La notte scelta fu quella dell’11 aprile 1904. 

Enrico Fumagalli e Sandro Mariani sarebbero entrati nel palazzo del barone Cesare Rodolfo II Alborghetti con l’intento di derubarlo mentre Pietro Locatelli, loro complice, li avrebbe attesi con un’automobile a motore — cosa ancora rara — in una viuzza secondaria. La fuga prevedeva di allontanarsi rapidamente e senza dare nell’occhio, soprattutto nel caso si fossero presentate complicazioni.

Come stabilito, i due ladri si avvicinarono al grande portone del palazzo Alborghetti. Non gradirono il modo in cui la luce della luna illuminava loro e il cortile, ma decisero di proseguire. Temevano soltanto che il vecchio potesse rivelarsi ostinato nel rivelare l'ubicazione della cassaforte.
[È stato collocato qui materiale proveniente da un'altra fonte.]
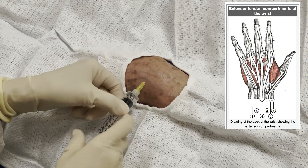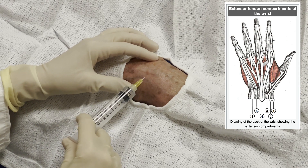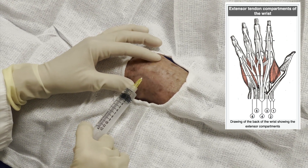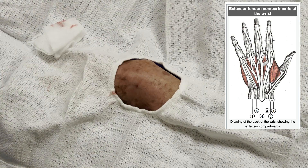I use one percent lidocaine with epinephrine here. You'll see the little wheal that shows up as I place anesthesia under the skin right over the fourth compartment.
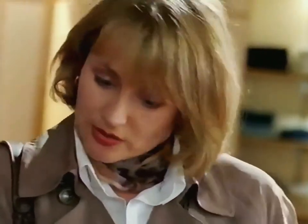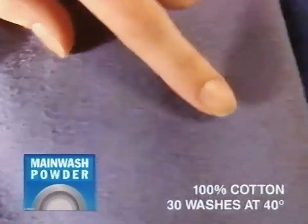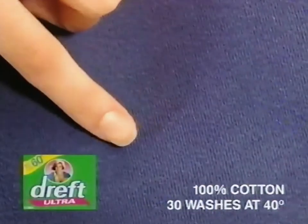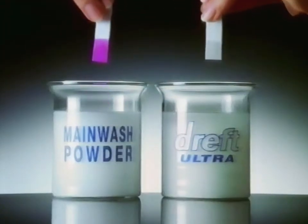In the machine, like it said on the label. Should be okay. But have you tried new DREFT ULTRA? DREFT ULTRA? In the machine? Trust new DREFT ULTRA even up to 60 degrees. Main wash powders can allow bobbling, whereas DREFT contains a fabric care system. DREFT is also safer because it has a much more neutral formula.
Si dissero che era solo, fragile, che loro erano in due e che le eventuali grida sarebbero state attutite dalle spesse mura, così si rassicurarono a vicenda.

Il piano ideato consisteva nel “far visita” al Barone che viveva in quell'antico palazzo di Bergamo Alta, non lontano da piazza Vecchia. Era noto in tutta la città come uomo di immensa ricchezza e di salute cagionevole. Una combinazione particolarmente allettante per uomini della loro professione. I bergamaschi di lui dicevano molte cose. Si raccontava che non fosse solito alla vita sociale, neppure nei circoli più elitari nonostante fosse stato spesso invitato da altri cittadini facoltosi. Così, vuoi perché offesi o per menefreghismo, finirono per tagliarlo fuori dal “giro bene”. In pratica non usciva mai, gli unici a farlo erano il cameriere e l’autista per gli acquisti di viveri necessari e poco altro. Anche loro però non si vedevano da tempo e la gente cominciò a credere in ciò che si spettegolava in giro. Si diceva che il nobile dedicasse le serate a strani riti di magia nera e il fatto che fosse massone aveva rafforzato la credenza.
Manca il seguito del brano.